Aku ingat betul tangan dan suaraku gemetaran. Sepertinya orang yang duduk paling belakang pun bisa melihat gerakan tanganku yang gemetar memegang kertas presentasi. Aku menghindari menatap audiens--yang cuma teman-teman kelasku. Saat itu berbicara di depan publik sangat menakutkan, karena di dalam kepalaku: aku merasa dihakimi oleh semua yang menatap. Aku tidak punya kepercayaan diri.

Hingga akhirnya aku memilih profesi sebagai jurnalis selepas lulus kuliah. Pengalaman bertemu banyak orang dari berbagai lapisan masyarakat, mewawancarai mereka, membuatku nyaman dan perlahan menikmati sesi obrolan dengan para narasumber ini. Aku merasa pengetahuanku bertambah, aku merasa dibayar untuk belajar.

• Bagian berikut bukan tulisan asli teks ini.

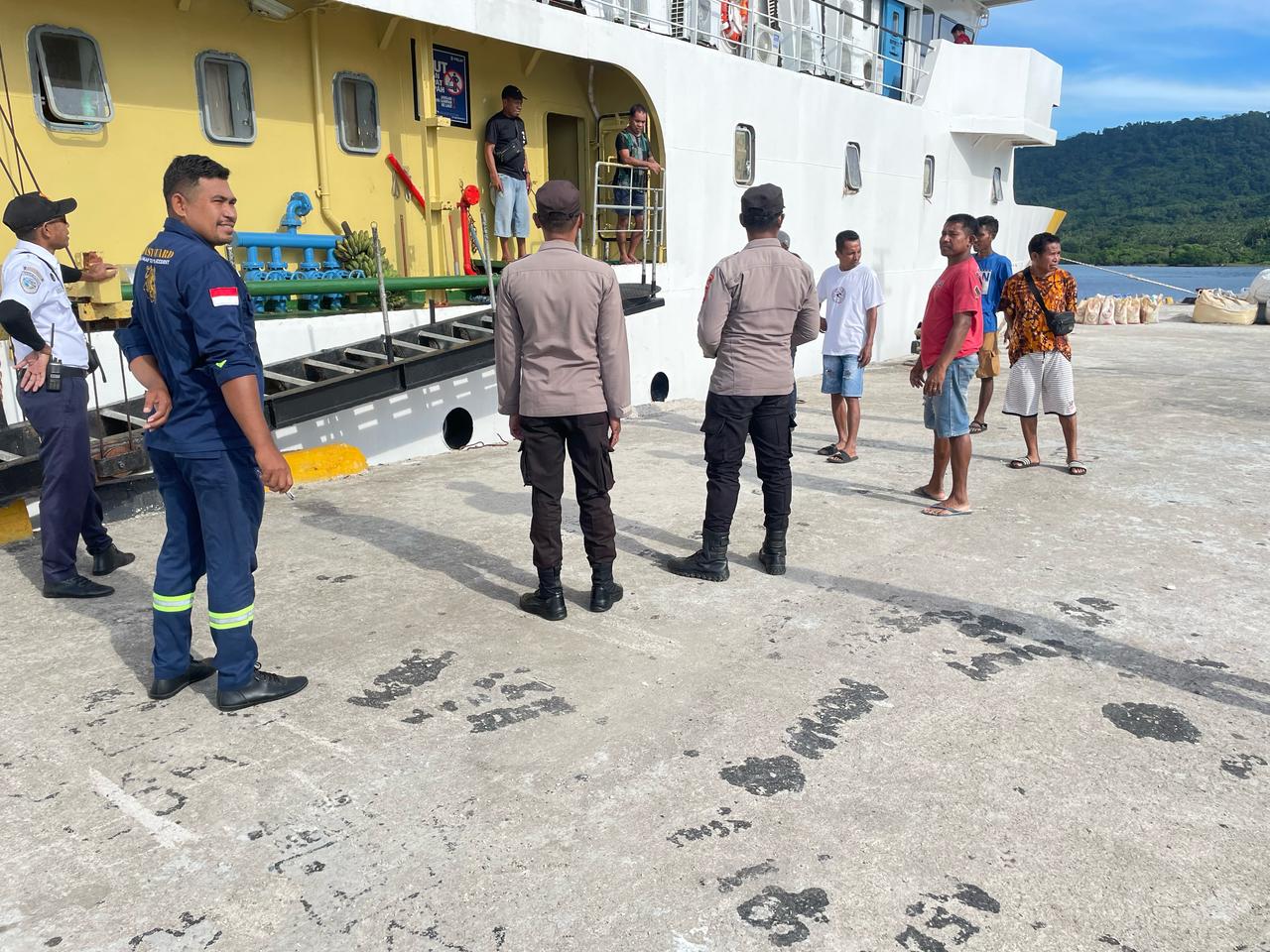 KPPP Polsek Damer Maksimalkan Pelayanan Masyarakat di Pelabuhan Laut Damer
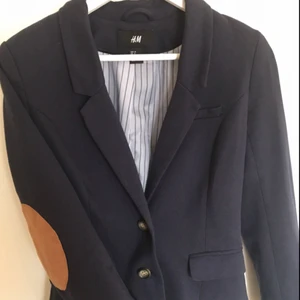  - En mörkblå kavaj från H&M. Den är nästan helt oanvänd och sitter superbra på en 34/36:a⭐️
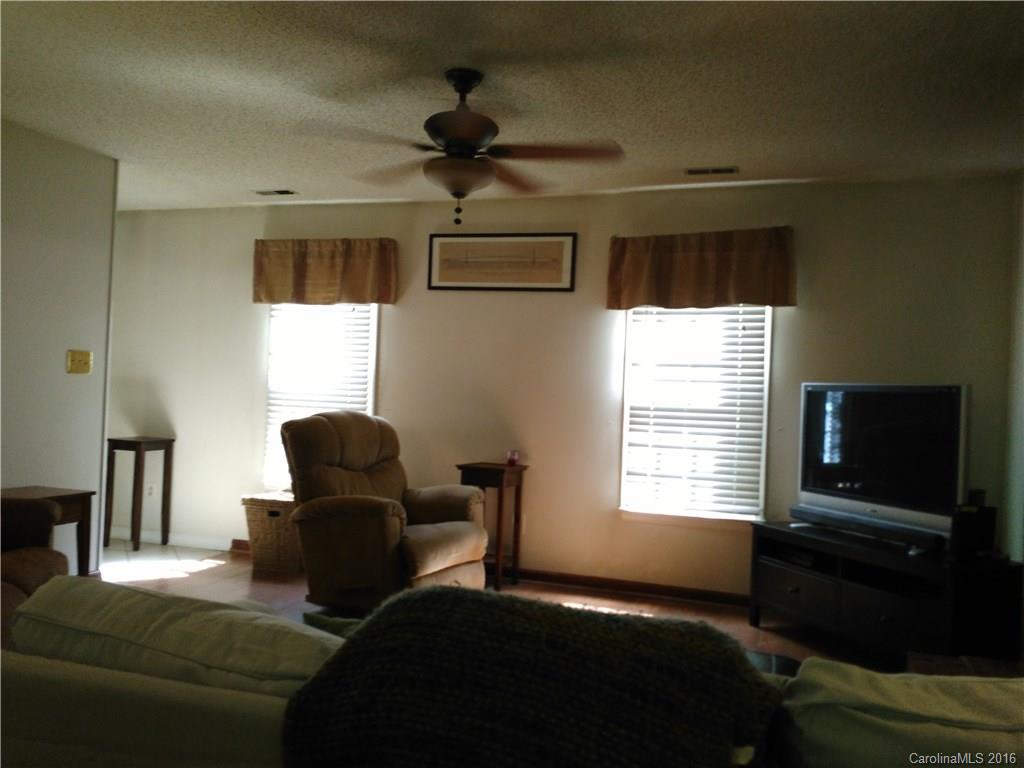 Glenwood Manor - Residential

Dari profesi menjadi jurnalis ini pula yang membukakan jalan pada kesempatan untuk berbicara di depan publik. Kesempatan pertama datang saat aku bertugas di Manado (bisa dilihat di portfolioku). Aku diminta oleh Badan Pusat Statistik (BPS) Sulawesi Utara untuk berbagi cara mengolah data statistik menjadi sebuah berita, kepada teman-teman pelajar SMA.

Rasa gugup itu tentu masih ada. Tetapi seiring dengan berlalunya satu acara, aku merasa bersyukur dan lega; ternyata tak seburuk yang kupikirkan.

Lalu kesempatan demi kesempatan datang lagi. Kadang menjadi moderator untuk diskusi panel yang sesuai dengan topik liputanku, kadang dari hobi dan aktivismeku. Semua berjalan dengan baik, meskipun bukannya tanpa tantangan sama sekali.

Yang ingin aku katakan adalah; bila kamu saat ini belum memiliki kepercayaan diri untuk tampil di depan publik, tidak apa-apa. Tetapi, bila ada kesempatan yang datang padamu, ambillah. Itu adalah momentum untukmu bertumbuh dan berkembang. Bila kamu menyukainya, kamu bisa terus melakukannya. Bila tidak, setidaknya kamu belajar sesuatu.

Aku tidak pernah menyadari sejauh mana perkembanganku berbicara di depan umum hingga aku bertemu dengan temanku. Pertemuan dengan teman lama memang bisa membawa nostalgia dan refleksi mengenai diri kita di masa lampau. Kadang-kadang kita tidak pernah menghitung seberapa jauh kita melangkah, hingga bertemu dengan teman seperjalanan dulu.